A recent discovery by the IceCube collaboration linked a blazar TXS 0506+056 to a high energy neutrino emission [2,3]- a discovery made possible only due to the multi-messenger approach - combining neutrino observations with gamma-ray measurements by Fermi LAT and MAGIC. Within the angular resolution of the Icecube neutrinos there will be many objects resolved by LSST, only some of them will be considered possible source of neutrinos. It is of interest to study whether some of them show a particular type of behavior - for instance coincident change in activity or spectrum - and the relation to Fermi LAT measurements.

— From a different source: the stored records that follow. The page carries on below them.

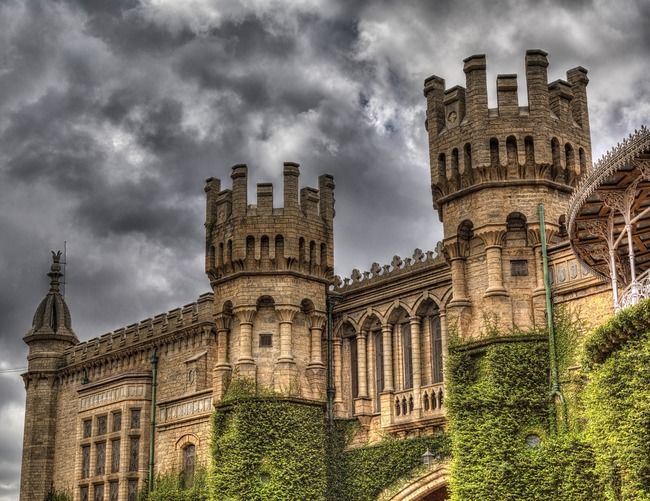Photo of Bangalore Palace, Bengaluru, Karnataka, India by Sreshti Verma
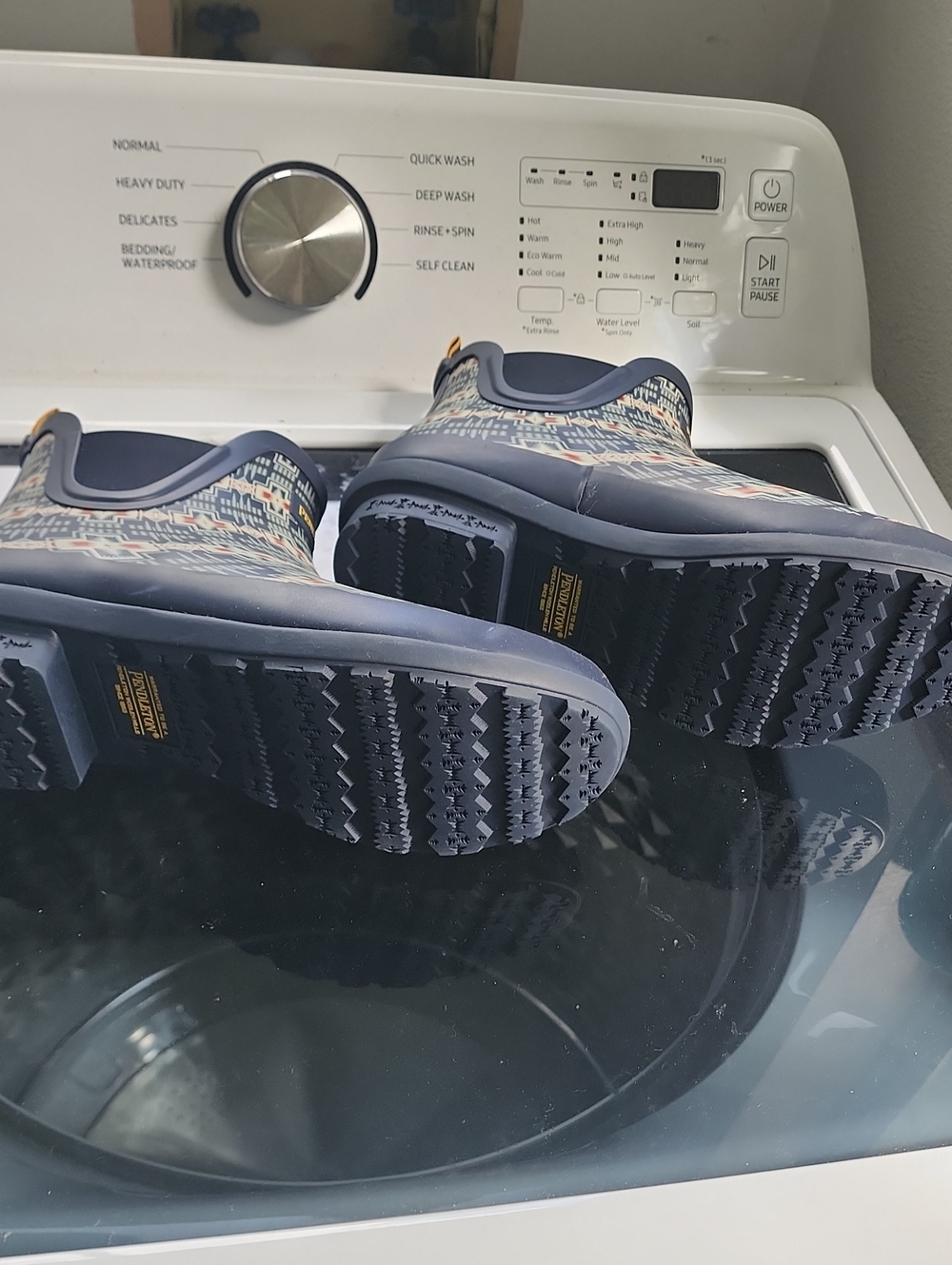Pendleton Navy Aztec-Pattern Fleece-Lined Rain Boots - Picture 2 of 3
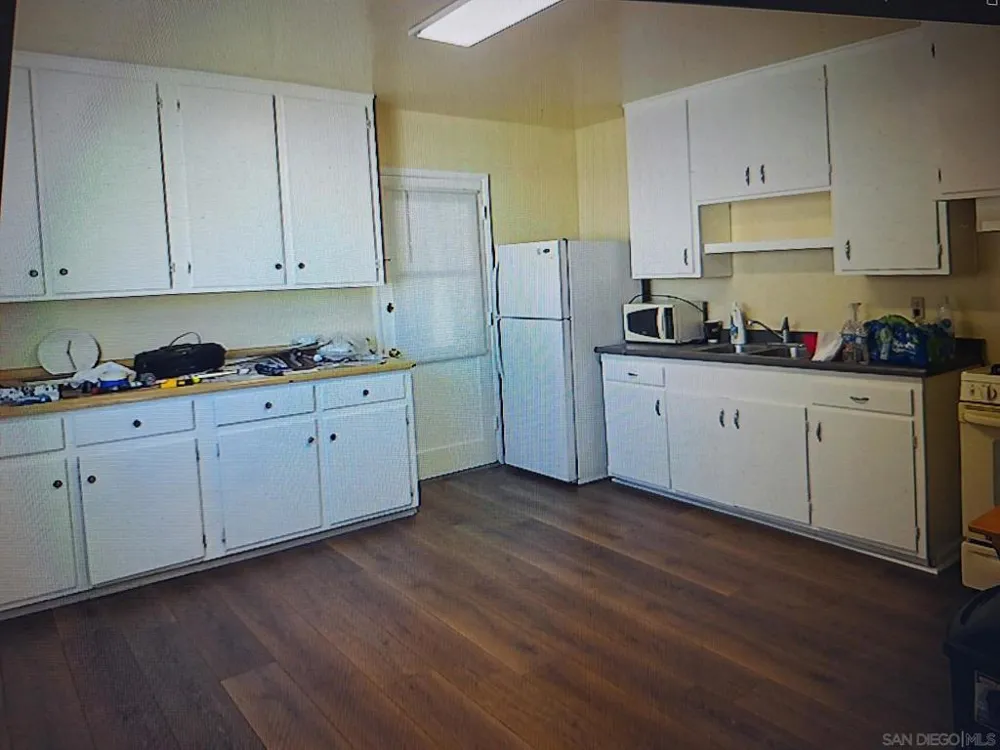 223 Madrona st. Chula Vista, CA 91910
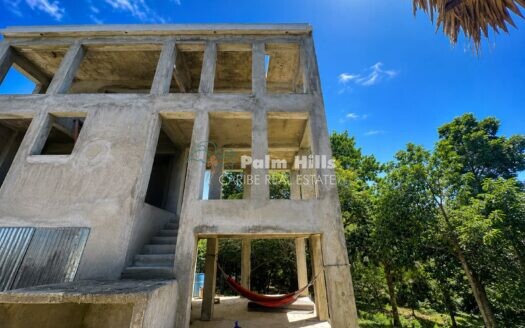 22,091 m² Degrees of Ocean View Property With Mid-Construction – Endless Potential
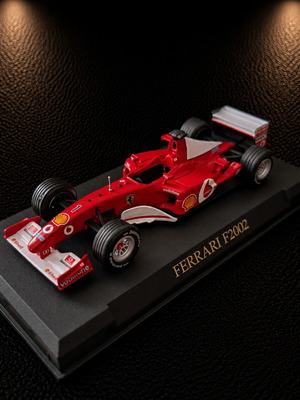 Ferrari F2002 collectible model 1:43 like new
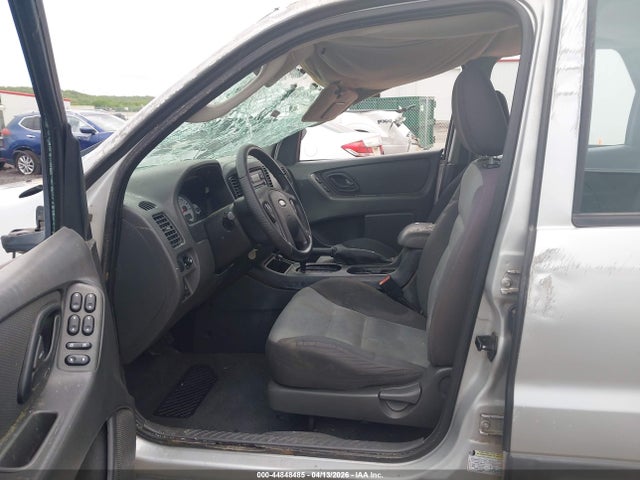 2005 Ford Escape Xls მანქანა იყიდება აუქციონზე, vin: 1FMYU02Z95KB94859, აუქციონის ნომერი: 44848485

Tidal disruption events are one of the proposed candidates for cosmic ray acceleration [4,5,6] - correlation study of such events identified by LSST with neutrinos can shed light on these phenomena.
A laboratory for development and testing optical sensors for astronomy was recently established at the FZU - Institute of Physics of the Czech Academy of Sciences. We collaborate closely with LSST and other projects, such as Pierre Auger Observatory and CTA. We follow the progress of instrumentation manufactures like Andor, Moravian instruments, Hamamatsu and others, testing their products or prototypes to check the performance and give feedback on how to improve the hardware or firmware.
We primarily offer an experimentally focused PhD student position. The candidate will work on characterization and developments of CCD and CMOS sensors/cameras for astronomy in our laboratory, including a type of CCD sensor used in LSST. Part of the work will be developing the laboratory itself, improving the experimental techniques and making new types of measurements possible, developing the control and data acquisition software. The experience gained while working with optical sensors, learning about the effects which affect the images, will be put to use within the LSST collaborations. The immediate contribution would be within the Instrumental Effects Working Group, helping to understand and calibrate the LSST observations. The detailed knowledge of the LSST data will be then an advantage for an analysis focused on multi-messenger studies combining it with IceCube and Fermi LAT public data.
An alternative, more theoretically focused work and PhD topic within the Dark Energy Science Collaboration (DESC) might be also identified. Our recent involvement in this respect was based on the simulations of modified gravities, and also related to the contribution to the Core Cosmological Library (CCL).